Speaker
Description
Recent years have enjoyed substantial progress in capturing properties of complex quantum systems by means
of random tensor networks (RTNs). Such tensor networks, formed by locally contracting random tensors chosen from the unitary Haar measure, define ensembles of quantum states whose properties depend only on the
tensor network geometry and bond dimensions. Of particular interest are random tensor networks on hyperbolic
geometries, resembling those of critical boundary states of holographic bulk-boundary dualities. In this work,
we elevate static pictures of ensemble averages to a dynamic one, to show that RTN states exhibit equilibration
of time-averaged operator expectation values under a highly generic class of Hamiltonians with non-degenerate
spectra. We prove that RTN states generally equilibrate at large bond dimension, and that three classes of RTN
geometries – tensor trains, regular hyperbolic tilings, and single “black hole” tensors – equilibrate in the scaling
limit.
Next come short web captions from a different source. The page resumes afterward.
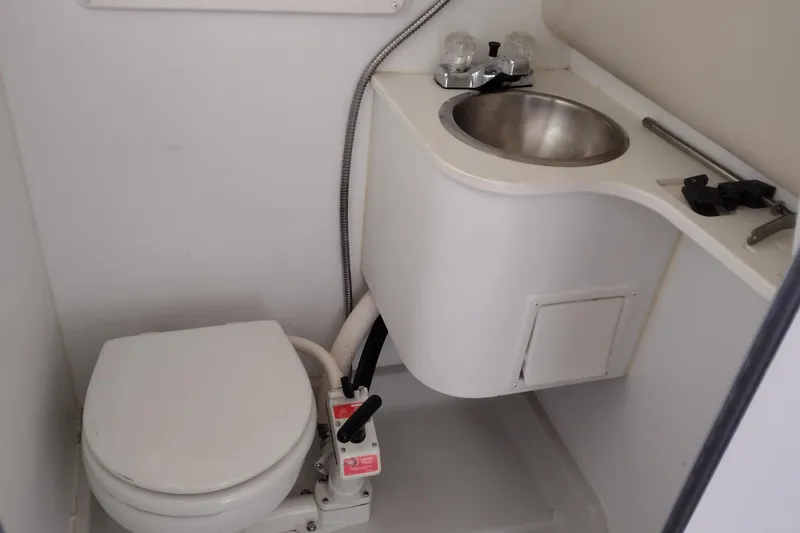 Slide: The Image of 1996 Crownline 250 CR boat bathroom with toilet and sink. - 18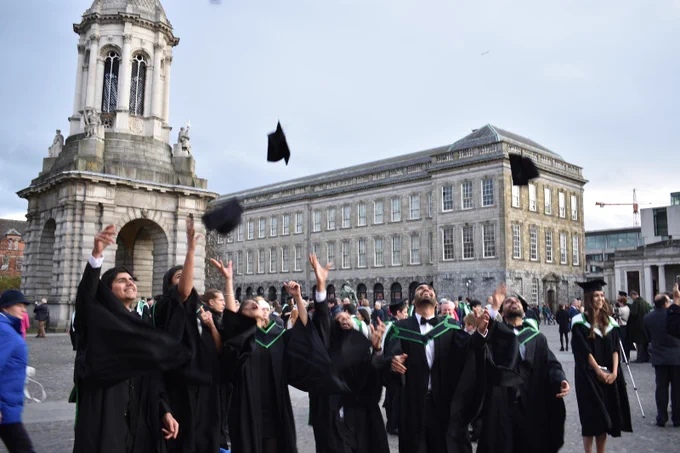 It is graduation day, and a group of proud international students dressed in the traditional gown and cap pose for a photo shoot throw their caps into the air in front of the Campanile.  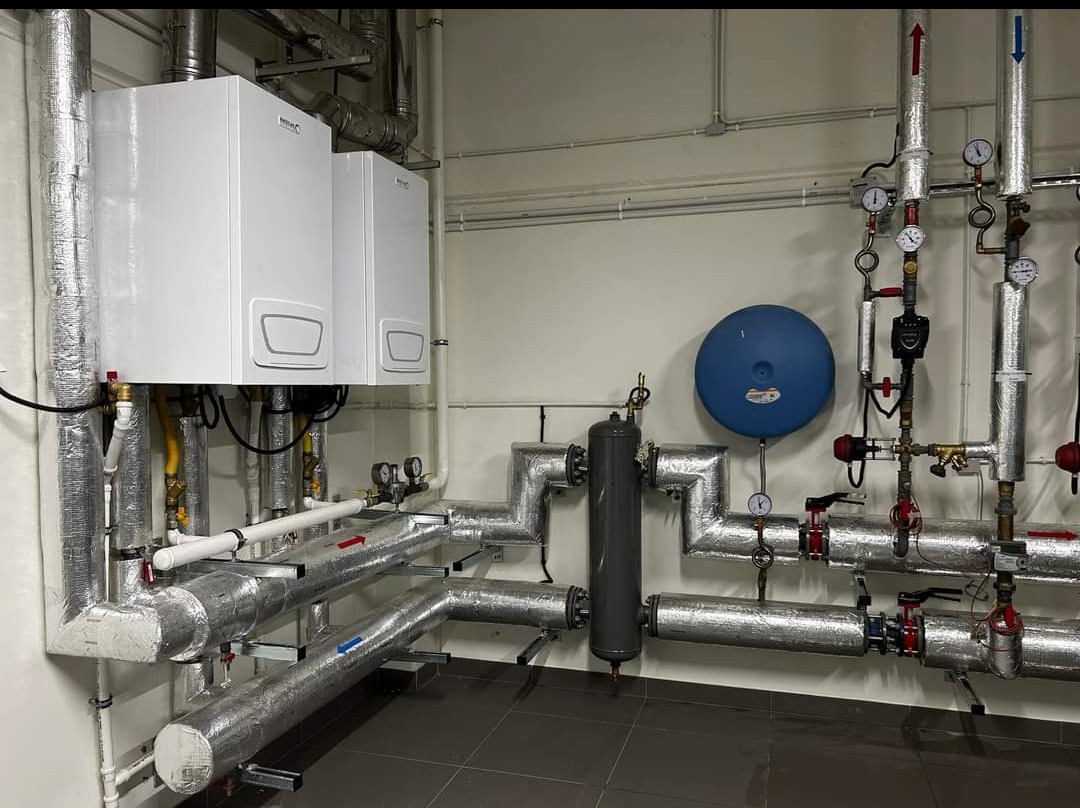 Dwa białe piece CO wiszące nad rzędami rur z izolacją termiczną, manometry i zawory. Instalacja grzewcza w kotłowni z szarą podłogą.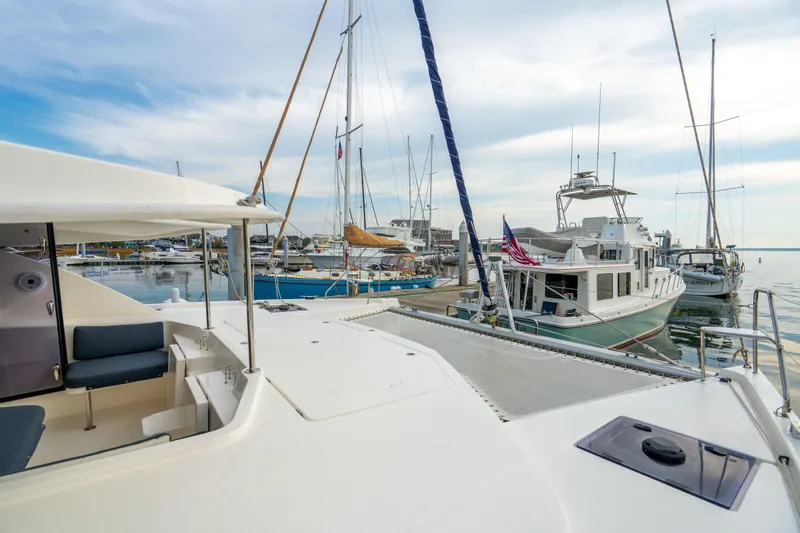 Slide: The Image of 2016 Leopard 48 yacht docked in a marina with other boats under a cloudy sky. - 56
Furthermore, we prove a hierarchy of equilibration between finite-dimensional instances of these three
classes, suggesting an equivalent hierarchy between corresponding many-body phases and reproducing a holo-
graphic degree-of-freedom counting for the effective dimension of each system. These results demonstrate that
RTN techniques can probe aspects of late-time dynamics of a wide range of quantum many-body phases.